Die Überfälle auf das Kloster Harsefeld 1545/46

Ein halbes Jahrtausend lang war das Harsefelder Kloster der wirtschaftliche und kulturelle Mittelpunkt der Region.

In den Ruinen zwischen Amtshof und Kirche entdeckten die Archäologen Brandschichten: Sechs Mal hatten Flammen im Kloster gewütet.

In der Schicht jenes Februartages 1546, als der Schwarze Ritter das Kloster überfiel und seinen Niedergang einleitete, wurde eine Axt gefunden.

Ob sie den Räubern gehörte oder einem Mönch ist ungewiss.

Schwarzer Ritter in Harsefeld (Zeichnung: urian)
Die Reformation war über das Land gegangen und hatte die Stellung der Klöster geschwächt. 1546 war Martin Luthers Todesjahr. Gegen Kirchenfürsten wie den Erzbischof Christoph von Bremen war Luther zu Felde gezogen: ein rücksichtsloser Geistlicher als weltlicher Herr zwischen Elbe und Weser.

Schwarzer Ritter in Harsefeld (Zeichnung: urian)
Bei Joachim Pentz stand der Verschwender Christoph mit 5000 Goldgulden in der Kreide und dachte nicht an Rückzahlung.
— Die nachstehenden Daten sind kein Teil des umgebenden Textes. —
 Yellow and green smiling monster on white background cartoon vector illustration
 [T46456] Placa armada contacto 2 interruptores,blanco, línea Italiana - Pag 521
Schwarzer Ritter in Harsefeld (Zeichnung: urian)
Pentz war einer der letzten Raubritter. Auch nach dem »Ewigen Landfrieden« von 1495, der dem Missbrauch des Fehderechts Einhalt gebot, überfiel er reisende Händler und betrieb das »Bauernlegen«: er verjagte Landleute von ihren Höfen und nahm diese in Besitz.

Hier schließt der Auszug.